■ Problem requirements: Only lines containing "Ruched" are wanted from the data below. Copy those lines.

──────── Data extracts

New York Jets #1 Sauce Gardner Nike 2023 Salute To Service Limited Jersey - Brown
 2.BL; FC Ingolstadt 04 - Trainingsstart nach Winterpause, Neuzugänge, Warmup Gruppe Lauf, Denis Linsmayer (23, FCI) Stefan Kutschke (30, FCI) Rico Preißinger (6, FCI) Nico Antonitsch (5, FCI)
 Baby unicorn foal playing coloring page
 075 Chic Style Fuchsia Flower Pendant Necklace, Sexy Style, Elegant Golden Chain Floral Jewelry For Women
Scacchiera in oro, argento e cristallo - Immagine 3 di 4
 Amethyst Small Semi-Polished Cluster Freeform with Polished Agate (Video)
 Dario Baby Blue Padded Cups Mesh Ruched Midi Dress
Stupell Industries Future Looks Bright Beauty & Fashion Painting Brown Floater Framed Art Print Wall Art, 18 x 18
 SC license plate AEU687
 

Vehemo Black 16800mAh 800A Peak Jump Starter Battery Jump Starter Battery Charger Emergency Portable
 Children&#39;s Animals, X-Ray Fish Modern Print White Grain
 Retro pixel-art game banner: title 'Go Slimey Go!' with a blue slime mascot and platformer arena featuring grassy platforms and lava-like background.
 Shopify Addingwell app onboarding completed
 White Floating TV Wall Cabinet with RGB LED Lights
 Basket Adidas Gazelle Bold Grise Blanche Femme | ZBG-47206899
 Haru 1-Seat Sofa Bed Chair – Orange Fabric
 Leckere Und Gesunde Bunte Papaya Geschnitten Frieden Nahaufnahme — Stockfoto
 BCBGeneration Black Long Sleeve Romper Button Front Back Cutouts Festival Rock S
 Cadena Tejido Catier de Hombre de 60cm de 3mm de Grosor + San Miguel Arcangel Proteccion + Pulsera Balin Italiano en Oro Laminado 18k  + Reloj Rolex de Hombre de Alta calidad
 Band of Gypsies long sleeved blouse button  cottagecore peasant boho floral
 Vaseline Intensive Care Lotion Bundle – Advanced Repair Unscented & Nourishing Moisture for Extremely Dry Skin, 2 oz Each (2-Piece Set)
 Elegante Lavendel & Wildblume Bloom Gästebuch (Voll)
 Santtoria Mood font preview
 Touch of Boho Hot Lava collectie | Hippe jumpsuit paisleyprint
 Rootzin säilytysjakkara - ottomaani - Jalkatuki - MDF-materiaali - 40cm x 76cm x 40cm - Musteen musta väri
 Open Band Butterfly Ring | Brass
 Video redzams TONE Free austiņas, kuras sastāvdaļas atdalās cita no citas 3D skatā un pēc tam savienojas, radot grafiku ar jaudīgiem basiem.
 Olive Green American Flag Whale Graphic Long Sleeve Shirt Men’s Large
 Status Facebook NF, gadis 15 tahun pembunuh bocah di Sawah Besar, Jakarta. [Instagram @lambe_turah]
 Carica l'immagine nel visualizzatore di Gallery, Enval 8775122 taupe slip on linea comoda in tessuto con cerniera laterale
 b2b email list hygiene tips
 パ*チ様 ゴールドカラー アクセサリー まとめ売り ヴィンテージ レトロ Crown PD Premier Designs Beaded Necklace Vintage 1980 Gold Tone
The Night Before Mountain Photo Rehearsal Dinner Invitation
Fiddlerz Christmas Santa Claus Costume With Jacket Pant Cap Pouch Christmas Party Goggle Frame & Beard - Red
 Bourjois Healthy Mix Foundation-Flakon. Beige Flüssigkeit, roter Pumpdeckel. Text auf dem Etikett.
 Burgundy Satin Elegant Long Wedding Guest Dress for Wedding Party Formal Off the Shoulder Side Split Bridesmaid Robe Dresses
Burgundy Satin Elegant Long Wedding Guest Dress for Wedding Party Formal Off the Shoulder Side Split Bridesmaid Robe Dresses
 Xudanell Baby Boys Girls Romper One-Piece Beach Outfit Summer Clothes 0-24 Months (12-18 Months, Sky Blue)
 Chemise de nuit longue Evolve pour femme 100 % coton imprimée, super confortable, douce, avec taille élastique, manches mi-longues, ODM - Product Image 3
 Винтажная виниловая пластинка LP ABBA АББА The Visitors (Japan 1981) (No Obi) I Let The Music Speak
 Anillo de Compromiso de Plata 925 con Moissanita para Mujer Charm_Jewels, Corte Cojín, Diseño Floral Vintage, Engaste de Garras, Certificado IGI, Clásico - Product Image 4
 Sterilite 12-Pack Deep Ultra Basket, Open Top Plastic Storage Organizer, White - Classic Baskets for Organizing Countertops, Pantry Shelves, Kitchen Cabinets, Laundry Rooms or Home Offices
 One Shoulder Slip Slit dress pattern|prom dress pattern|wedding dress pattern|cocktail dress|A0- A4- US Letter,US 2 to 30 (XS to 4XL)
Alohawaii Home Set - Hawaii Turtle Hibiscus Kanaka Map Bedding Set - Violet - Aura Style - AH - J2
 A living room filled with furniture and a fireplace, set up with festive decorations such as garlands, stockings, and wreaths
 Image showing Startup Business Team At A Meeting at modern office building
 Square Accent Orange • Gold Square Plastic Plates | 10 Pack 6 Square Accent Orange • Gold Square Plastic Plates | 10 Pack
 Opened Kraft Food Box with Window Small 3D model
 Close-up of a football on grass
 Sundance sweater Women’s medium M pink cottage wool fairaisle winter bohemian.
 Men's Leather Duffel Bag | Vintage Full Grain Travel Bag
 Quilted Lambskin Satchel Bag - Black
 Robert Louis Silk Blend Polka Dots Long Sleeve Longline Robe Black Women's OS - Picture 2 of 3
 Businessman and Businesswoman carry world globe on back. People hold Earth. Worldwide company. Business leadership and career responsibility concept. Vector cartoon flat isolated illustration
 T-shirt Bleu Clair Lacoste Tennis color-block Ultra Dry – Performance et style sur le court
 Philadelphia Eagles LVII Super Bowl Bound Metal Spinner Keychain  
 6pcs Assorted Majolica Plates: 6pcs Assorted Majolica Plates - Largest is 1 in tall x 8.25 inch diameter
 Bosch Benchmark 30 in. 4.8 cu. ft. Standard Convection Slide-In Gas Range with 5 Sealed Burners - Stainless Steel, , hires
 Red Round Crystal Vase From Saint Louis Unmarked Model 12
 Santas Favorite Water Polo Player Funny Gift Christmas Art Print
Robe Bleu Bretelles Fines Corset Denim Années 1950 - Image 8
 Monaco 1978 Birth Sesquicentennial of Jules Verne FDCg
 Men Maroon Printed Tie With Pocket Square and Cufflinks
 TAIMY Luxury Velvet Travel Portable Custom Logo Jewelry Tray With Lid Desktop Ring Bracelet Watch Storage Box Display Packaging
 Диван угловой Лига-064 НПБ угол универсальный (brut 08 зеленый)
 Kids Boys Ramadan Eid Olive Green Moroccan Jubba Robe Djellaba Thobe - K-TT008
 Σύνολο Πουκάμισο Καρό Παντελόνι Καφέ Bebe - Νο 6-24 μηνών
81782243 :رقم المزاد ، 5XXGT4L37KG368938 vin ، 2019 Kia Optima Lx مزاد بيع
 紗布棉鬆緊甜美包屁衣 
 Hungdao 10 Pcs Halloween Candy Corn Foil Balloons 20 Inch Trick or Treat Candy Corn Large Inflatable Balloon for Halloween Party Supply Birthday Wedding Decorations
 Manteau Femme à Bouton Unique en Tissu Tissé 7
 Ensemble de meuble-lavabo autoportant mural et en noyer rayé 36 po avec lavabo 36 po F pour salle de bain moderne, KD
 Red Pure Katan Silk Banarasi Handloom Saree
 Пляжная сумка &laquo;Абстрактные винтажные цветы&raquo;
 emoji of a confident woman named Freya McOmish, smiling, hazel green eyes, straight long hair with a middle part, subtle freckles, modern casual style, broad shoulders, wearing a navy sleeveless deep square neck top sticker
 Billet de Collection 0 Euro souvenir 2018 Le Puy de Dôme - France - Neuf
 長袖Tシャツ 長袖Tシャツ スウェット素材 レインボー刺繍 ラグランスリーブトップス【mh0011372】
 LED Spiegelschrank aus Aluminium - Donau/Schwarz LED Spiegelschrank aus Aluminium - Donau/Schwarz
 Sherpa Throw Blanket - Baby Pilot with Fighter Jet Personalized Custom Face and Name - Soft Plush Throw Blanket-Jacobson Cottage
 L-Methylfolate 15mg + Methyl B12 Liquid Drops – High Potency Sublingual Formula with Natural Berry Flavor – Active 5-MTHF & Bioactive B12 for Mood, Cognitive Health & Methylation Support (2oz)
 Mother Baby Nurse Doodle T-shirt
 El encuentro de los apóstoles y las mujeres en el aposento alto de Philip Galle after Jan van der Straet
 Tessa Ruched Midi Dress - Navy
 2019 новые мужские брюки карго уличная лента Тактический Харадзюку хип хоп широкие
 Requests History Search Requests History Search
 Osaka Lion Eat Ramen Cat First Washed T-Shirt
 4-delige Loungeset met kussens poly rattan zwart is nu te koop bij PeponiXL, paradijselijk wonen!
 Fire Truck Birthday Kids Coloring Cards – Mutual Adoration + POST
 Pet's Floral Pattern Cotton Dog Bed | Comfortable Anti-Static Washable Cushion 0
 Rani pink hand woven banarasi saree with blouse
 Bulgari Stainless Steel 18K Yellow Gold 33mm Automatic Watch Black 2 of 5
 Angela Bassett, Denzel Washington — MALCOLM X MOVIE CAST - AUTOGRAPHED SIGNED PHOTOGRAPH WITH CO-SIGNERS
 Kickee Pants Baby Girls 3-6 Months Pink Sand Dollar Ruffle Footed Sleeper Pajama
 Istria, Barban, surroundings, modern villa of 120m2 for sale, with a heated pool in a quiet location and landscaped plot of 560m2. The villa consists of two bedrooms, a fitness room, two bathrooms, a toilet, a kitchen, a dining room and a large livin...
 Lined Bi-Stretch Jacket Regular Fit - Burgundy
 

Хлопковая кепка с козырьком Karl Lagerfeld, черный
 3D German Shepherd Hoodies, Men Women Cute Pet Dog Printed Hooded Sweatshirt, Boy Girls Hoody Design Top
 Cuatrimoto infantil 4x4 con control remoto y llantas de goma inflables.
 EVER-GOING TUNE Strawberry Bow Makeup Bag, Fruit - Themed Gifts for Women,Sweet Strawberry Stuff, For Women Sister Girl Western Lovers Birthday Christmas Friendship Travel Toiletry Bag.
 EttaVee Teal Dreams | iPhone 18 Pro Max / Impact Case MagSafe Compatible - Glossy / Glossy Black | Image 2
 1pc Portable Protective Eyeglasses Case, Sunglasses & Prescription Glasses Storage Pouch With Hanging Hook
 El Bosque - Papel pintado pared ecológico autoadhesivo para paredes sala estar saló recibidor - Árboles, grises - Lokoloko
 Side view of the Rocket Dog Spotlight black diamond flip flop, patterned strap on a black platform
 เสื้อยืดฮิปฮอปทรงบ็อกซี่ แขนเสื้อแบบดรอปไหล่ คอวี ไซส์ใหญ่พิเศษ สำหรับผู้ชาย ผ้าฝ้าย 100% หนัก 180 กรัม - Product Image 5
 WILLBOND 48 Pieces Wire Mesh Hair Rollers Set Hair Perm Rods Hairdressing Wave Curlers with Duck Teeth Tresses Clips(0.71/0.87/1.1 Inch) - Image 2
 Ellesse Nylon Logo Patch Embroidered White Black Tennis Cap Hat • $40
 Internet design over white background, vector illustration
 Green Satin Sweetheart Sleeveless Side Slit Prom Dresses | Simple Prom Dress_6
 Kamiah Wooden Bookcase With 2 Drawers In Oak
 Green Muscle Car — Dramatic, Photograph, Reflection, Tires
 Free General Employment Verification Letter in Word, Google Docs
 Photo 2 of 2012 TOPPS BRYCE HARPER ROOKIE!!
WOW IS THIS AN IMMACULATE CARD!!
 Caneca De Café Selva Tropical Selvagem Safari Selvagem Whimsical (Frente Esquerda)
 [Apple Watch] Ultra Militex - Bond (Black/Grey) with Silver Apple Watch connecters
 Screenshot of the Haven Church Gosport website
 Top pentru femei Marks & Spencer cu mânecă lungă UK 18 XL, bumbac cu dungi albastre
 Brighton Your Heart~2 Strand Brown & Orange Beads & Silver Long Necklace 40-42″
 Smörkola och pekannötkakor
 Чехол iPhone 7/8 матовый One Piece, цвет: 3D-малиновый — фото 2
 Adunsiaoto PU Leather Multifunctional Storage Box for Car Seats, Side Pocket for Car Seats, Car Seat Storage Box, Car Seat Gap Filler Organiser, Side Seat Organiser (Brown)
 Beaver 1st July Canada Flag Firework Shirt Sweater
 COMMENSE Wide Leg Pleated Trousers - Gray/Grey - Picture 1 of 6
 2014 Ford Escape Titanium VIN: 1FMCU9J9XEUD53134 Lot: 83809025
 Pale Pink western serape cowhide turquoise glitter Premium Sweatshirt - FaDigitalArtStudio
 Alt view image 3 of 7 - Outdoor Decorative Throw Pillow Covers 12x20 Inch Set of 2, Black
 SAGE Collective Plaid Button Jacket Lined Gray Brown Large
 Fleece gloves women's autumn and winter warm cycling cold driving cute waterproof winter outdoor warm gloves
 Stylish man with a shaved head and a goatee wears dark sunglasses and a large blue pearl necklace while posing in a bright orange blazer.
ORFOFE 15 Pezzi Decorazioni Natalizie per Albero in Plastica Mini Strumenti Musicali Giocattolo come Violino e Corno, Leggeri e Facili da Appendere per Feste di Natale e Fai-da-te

────────────────

■ Completed exercise:
 Dario Baby Blue Padded Cups Mesh Ruched Midi Dress
 Tessa Ruched Midi Dress - Navy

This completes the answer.